■ Extracted information
╔══
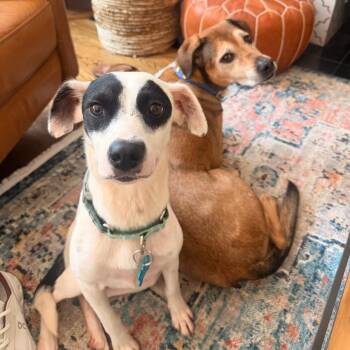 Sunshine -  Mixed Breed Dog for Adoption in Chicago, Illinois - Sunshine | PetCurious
╚══
╔══
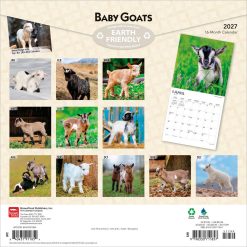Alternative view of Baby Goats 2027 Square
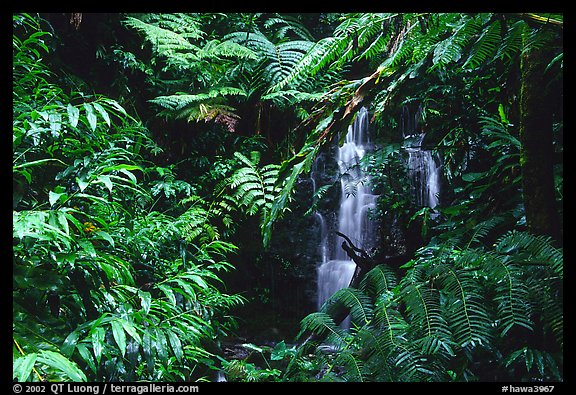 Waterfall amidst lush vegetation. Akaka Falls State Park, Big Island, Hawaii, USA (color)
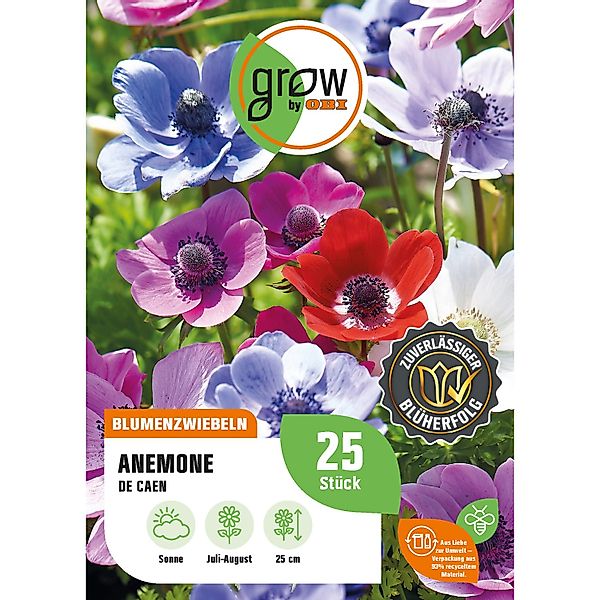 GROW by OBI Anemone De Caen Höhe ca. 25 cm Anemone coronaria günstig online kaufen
╚══
Write out, word for word, the stretch of entries that begins at the line with "Alternative view of Baby Goats 2027 Square" and ends at the line with "GROW by OBI". Pictures do not belong in it.

■ Written response
Alternative view of Baby Goats 2027 Square
 Waterfall amidst lush vegetation. Akaka Falls State Park, Big Island, Hawaii, USA (color)
 GROW by OBI Anemone De Caen Höhe ca. 25 cm Anemone coronaria günstig online kaufen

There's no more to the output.